The future of online video will be explored at a two-day event taking place June 19-20 at the NYU School of Law in Manhattan. The “Open Video Conference” is sponsored by Yale Law School’s Information Society Project (ISP), the Participatory Culture Foundation, and Kaltura, in partnership with Mozilla, Creative Commons, and the Berkman Center for Internet and Society at Harvard.

The conference brings together video creators, entrepreneurs, academics, policymakers, and others to share their insights on open video and ensure that the medium continues to develop characteristics of openness, interoperability, and decentralization. Participants will also examine the challenges that keep online video from reaching its full potential.

“Internet video can flourish as a central front of Internet innovation, creativity, and political expression only if based upon the open infrastructures that have been the hallmark of the Internet,” said Yale ISP Executive Director Laura DeNardis. “Changing these Internet principles now will slowly strangulate innovation and restrict online expression.”

“The Open Video Conference is also about the legal and social norms surrounding online video,” said Dean Jansen of the Participatory Culture Foundation. “It’s about giving creators the ability to specify the rights they reserve to their content. It’s about fair use of copyrighted works. It’s about a lot of things, which is why this conference is guaranteed to stimulate.”

Speakers will include Harvard professor Yochai Benkler, co-director of the Berkman Center for Internet and Society; best-selling author Clay Shirky, who teaches at NYU’s graduate Interactive Telecommunications Program; and filmmaker Nina Paley, whose self-produced film, “Sita Sings the Blues,” highlights the creative potential of small, self-distributing producers.

In addition to lectures and workshops, screenings of video art, and demonstrations of the newest Internet video technology, the event will serve as the inauguration of the Open Video Alliance, an umbrella coalition dedicated to furthering best practices in online video.

The conference is open to the public. The registration fee is $20 for students; $50 for non-profits and the general public; and $100 for corporate affiliates. Full details and online registration are available on the conference website.

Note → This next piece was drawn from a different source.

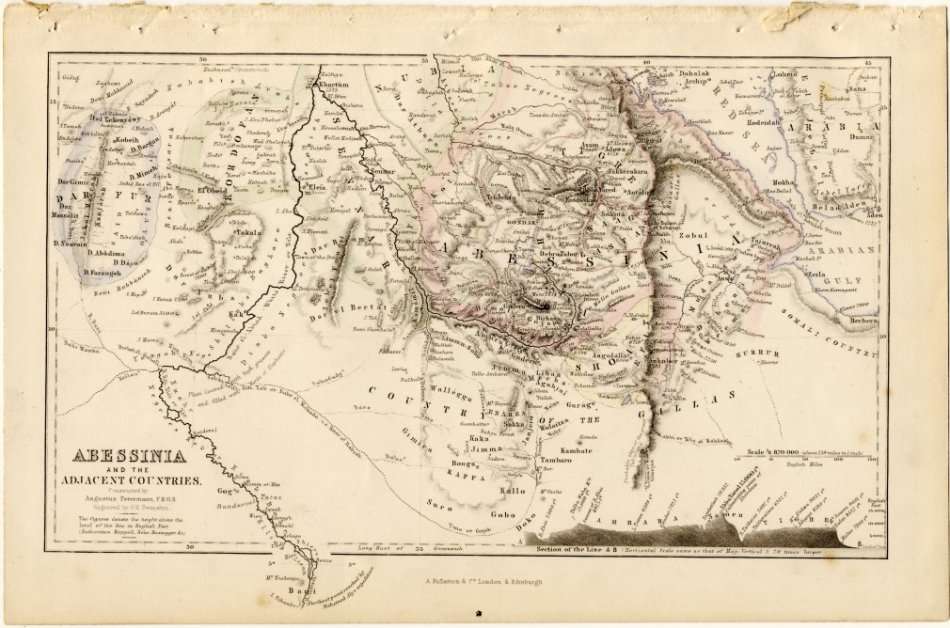 Mid 1800's Map of Abessinia, Very Good condition, Original Fullerton Map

The Information Society Project at Yale Law School, founded in 1997 by Professor Jack Balkin, has a well-developed research program on Internet video. On March 7, the group hosted an Internet Video Innovation roundtable that brought together leading thinkers from industry and academia to help lay out the key issues and recommend solutions. The gathering was made possible by a generous grant from the Kauffman Foundation. The Yale ISP is also a founding member of the “Open Video Alliance” and hosted a gathering of this group at Yale Law School in October 2008.